Moriyasu’s half-time switch of an extra defender quelled Germany’s attack, reflected by the shorter vertical blue bars on the momentum chart below.

Then Japan went and won the game by switching wing-backs Hiroki Sakai (right flank) and Yuto Nagatomo (left) for Ritsu Doan and Kaoru Mitoma, more attack-minded players. They came on in the 57th — principle followed.

“The players who came on as substitutes decided the game for us, which is not an easy thing to do,” said goalkeeper Shuichi Gonda post-match.

“(Ritsu) Doan always told me at the dinner table, ‘I’m going to come off the bench and score a goal’.”

He certainly stuck to that promise.

For the UK viewers…

And those in the US…

The same approach produced the same result for Moriyasu against Spain eight days later.
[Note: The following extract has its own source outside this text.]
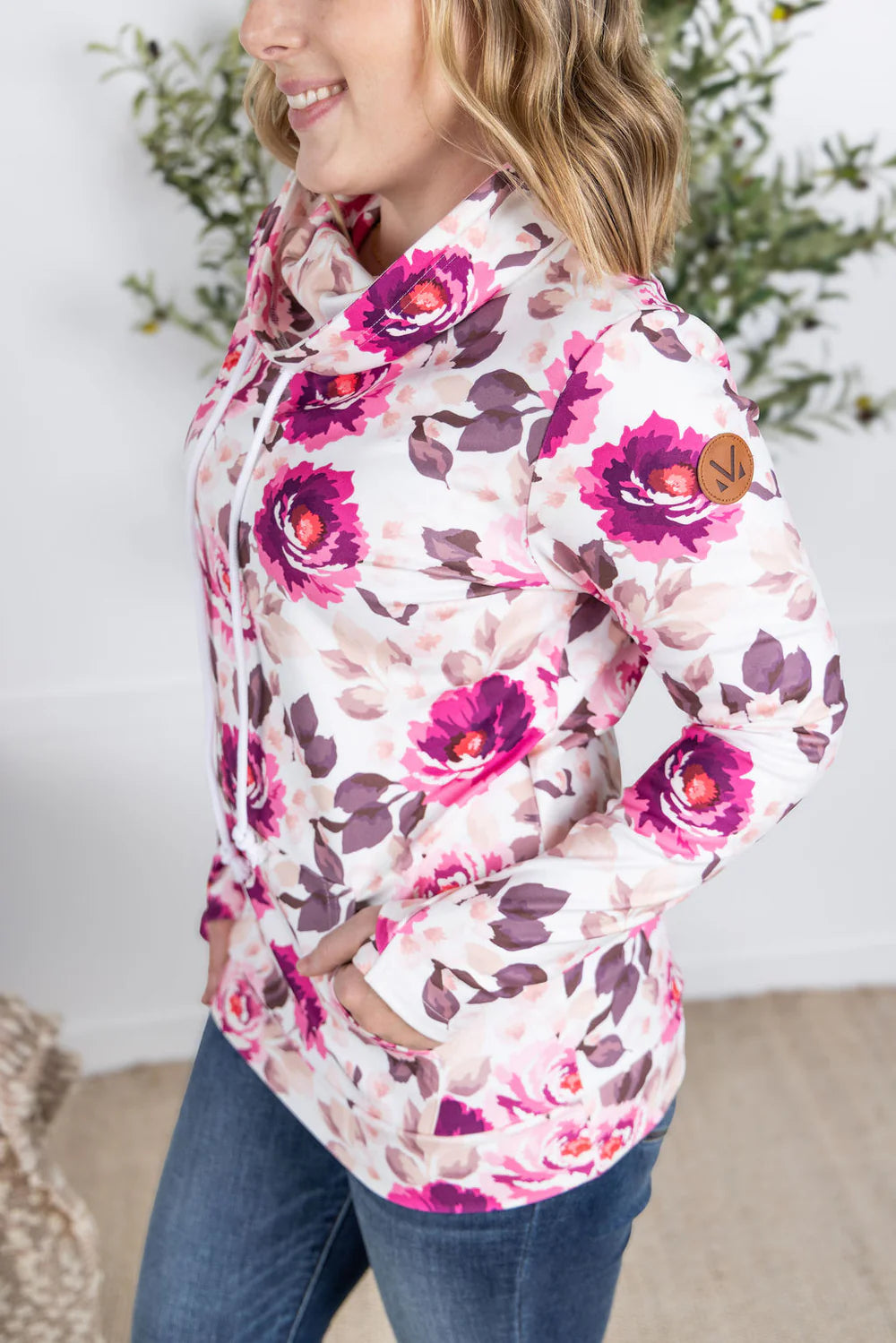 The Lucy Funnel Neck Sweatshirt-Floral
Once again, he made half-time switches, bringing Doan into wide midfield and switching Nagatoma for Mitoma to play an inverted wing-back, giving Japan dynamism and directness on both flanks, with Junya Ito (a winger playing a wing-back role) on the right.

Japan were ahead by 51 minutes, with their wing-backs assisting both goals and Doan scoring the equaliser.

“We were dismantled,” said Spain head coach Luis Enrique at full-time.

“We didn’t have any danger in the first half and then at half-time I told them to be cautious because Japan had nothing to lose.”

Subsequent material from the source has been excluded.